■ EXERCISE OBJECTIVE:
Nothing but the lines from the one containing "LEXSOMEO 2pcs Mini" through the last line of the records below should be copied, exactly and without pictures.

** THE DATA follows **

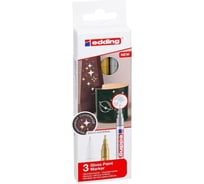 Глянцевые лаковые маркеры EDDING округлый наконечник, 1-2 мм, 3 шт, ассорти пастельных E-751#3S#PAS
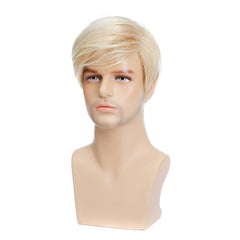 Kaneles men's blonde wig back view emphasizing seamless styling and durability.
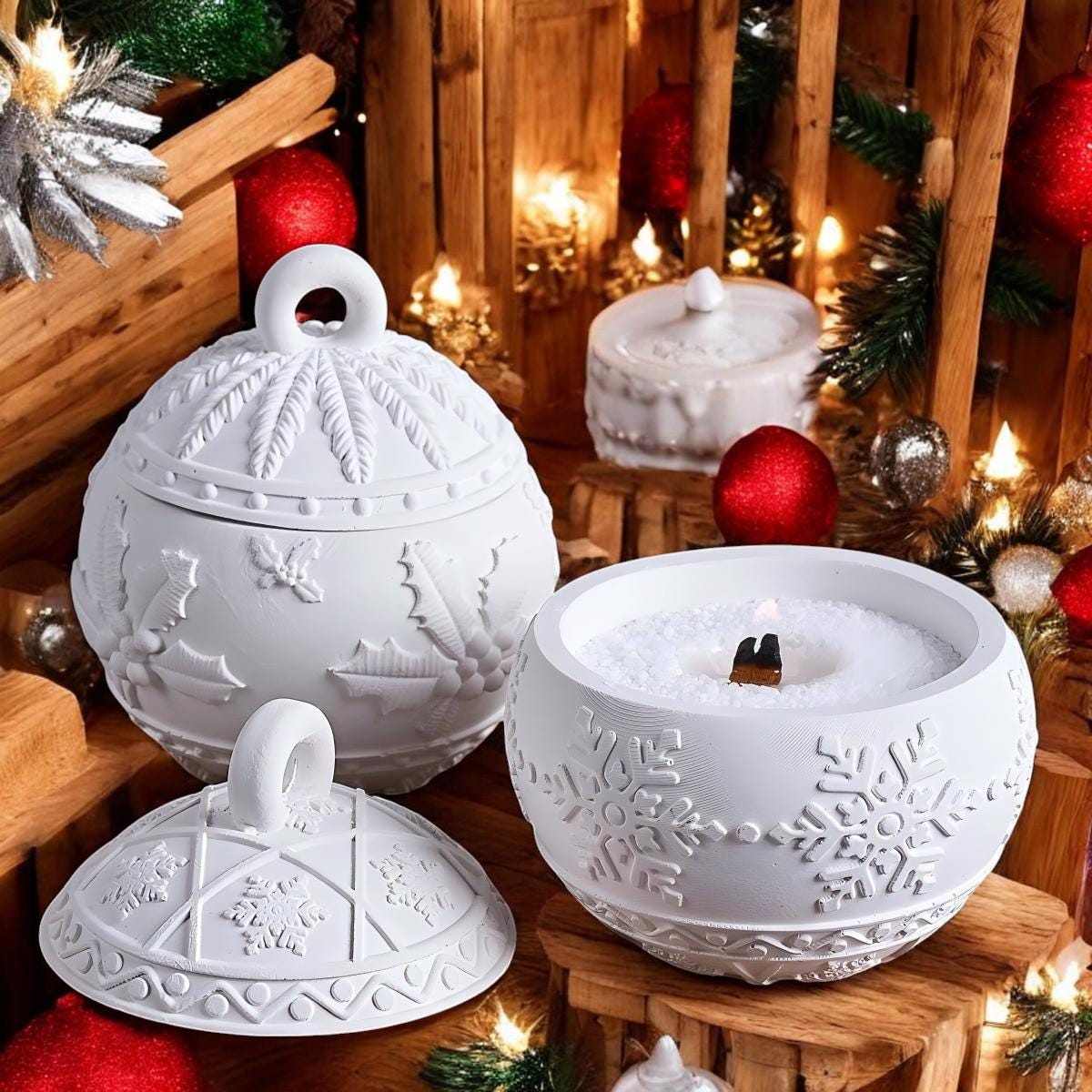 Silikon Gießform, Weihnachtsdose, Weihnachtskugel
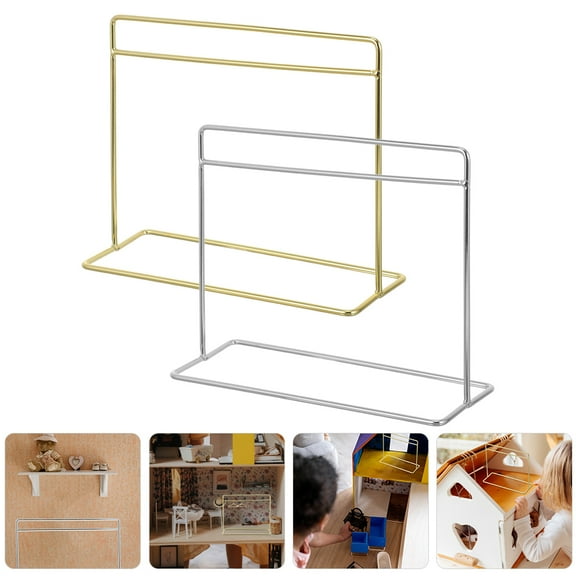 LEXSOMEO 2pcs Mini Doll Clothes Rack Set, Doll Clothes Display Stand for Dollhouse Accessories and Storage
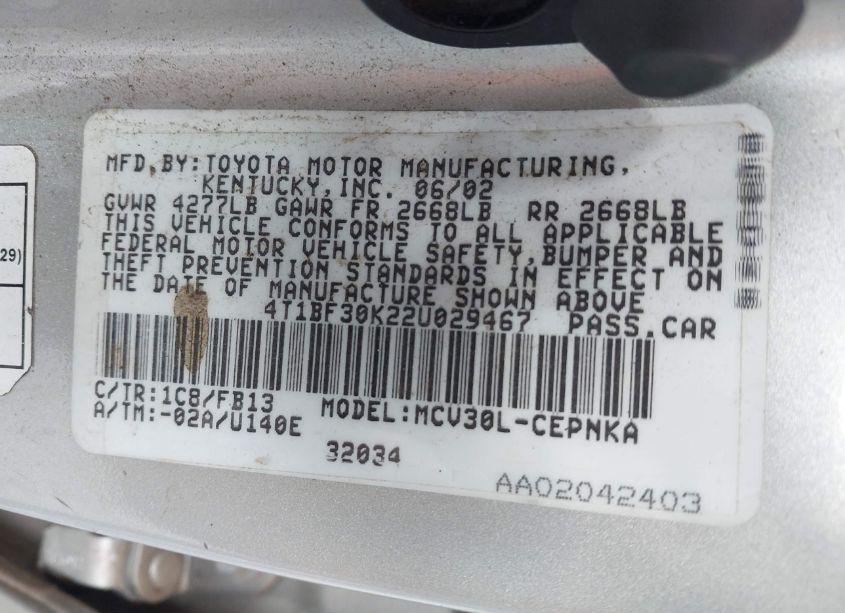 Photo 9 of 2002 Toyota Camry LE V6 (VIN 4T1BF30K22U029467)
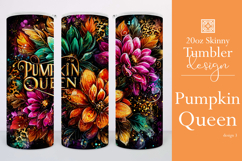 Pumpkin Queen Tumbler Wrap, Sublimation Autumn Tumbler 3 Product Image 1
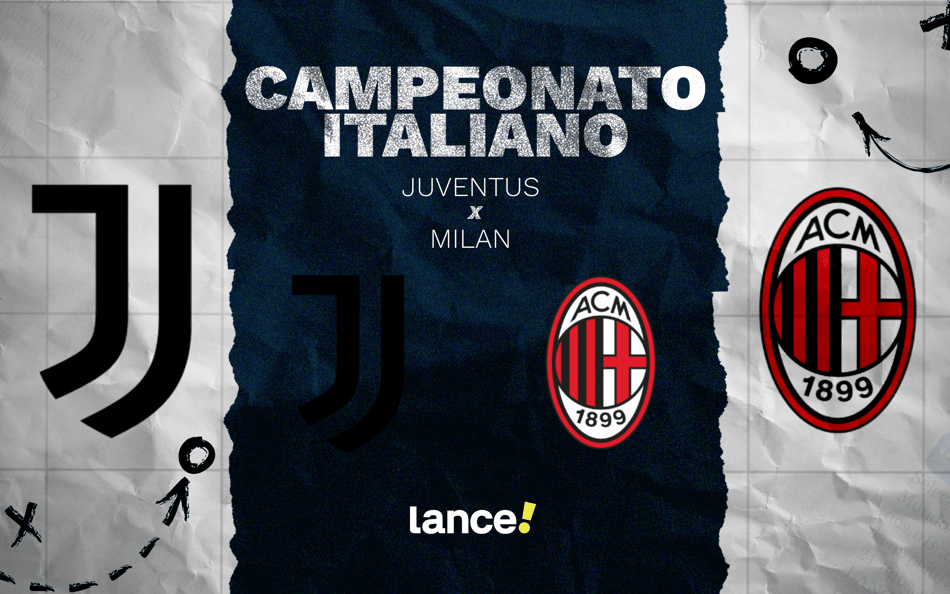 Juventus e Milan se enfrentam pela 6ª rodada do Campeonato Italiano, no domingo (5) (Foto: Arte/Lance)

** End of THE DATA **

■ RESPONSE TO THIS TASK:
 LEXSOMEO 2pcs Mini Doll Clothes Rack Set, Doll Clothes Display Stand for Dollhouse Accessories and Storage
 Photo 9 of 2002 Toyota Camry LE V6 (VIN 4T1BF30K22U029467)
 Pumpkin Queen Tumbler Wrap, Sublimation Autumn Tumbler 3 Product Image 1
 Juventus e Milan se enfrentam pela 6ª rodada do Campeonato Italiano, no domingo (5) (Foto: Arte/Lance)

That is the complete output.